§ **TASK DETAILS**
For this exercise, output exactly the lines from the opening line of the listing through the line with "We also have", skipping pictures.

§ **STORED DATA**
-- Opening Marker --
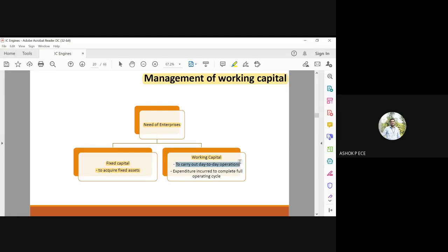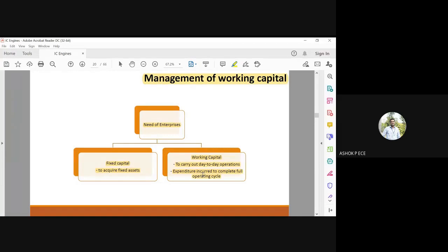Expenditure incurred to complete one full operating cycle. You are starting in January and completing your process in December. From January to December, what all expenditure is incurred in one full cycle is going to be coming under the term working capital.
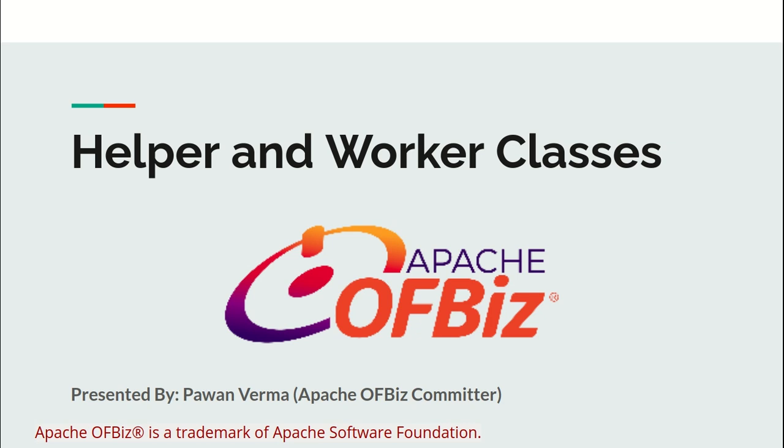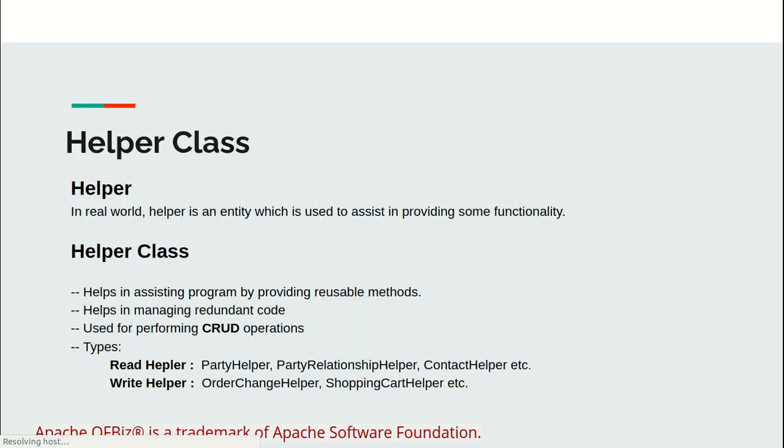I hope the difference is clear now. In the similar pattern, OFBiz has implemented these classes. First, have a look at helper classes.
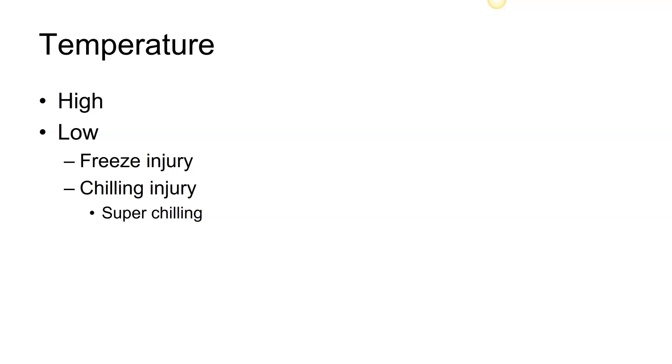We also have what we call super chilling. Super chilling occurs when the temperature of the cytoplasm drops below that of freezing, however there is no place for nucleation of ice crystals to occur.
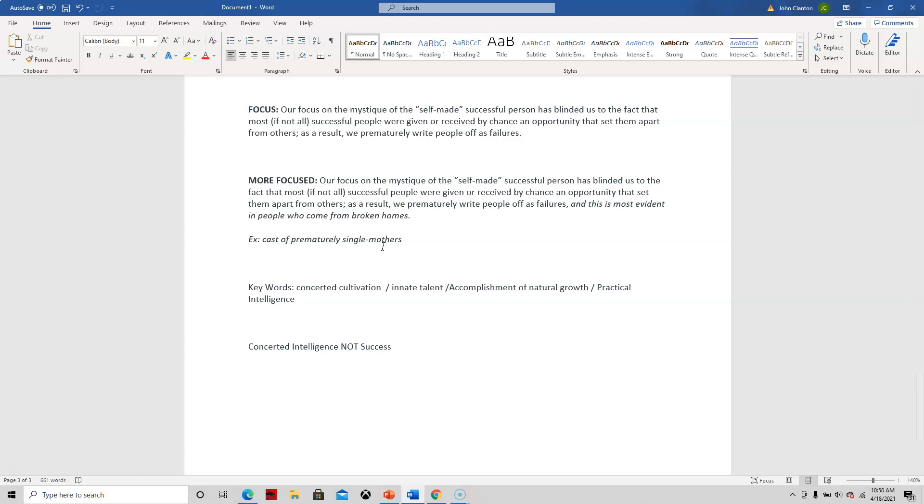So hopefully that helps. Kind of narrow down your claim. What key terms are you going to use? And go from there. Thanks for listening.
-- Closing Marker --
§ **EXERCISE OUTPUT**
Expenditure incurred to complete one full operating cycle. You are starting in January and completing your process in December. From January to December, what all expenditure is incurred in one full cycle is going to be coming under the term working capital.
I hope the difference is clear now. In the similar pattern, OFBiz has implemented these classes. First, have a look at helper classes.
We also have what we call super chilling. Super chilling occurs when the temperature of the cytoplasm drops below that of freezing, however there is no place for nucleation of ice crystals to occur.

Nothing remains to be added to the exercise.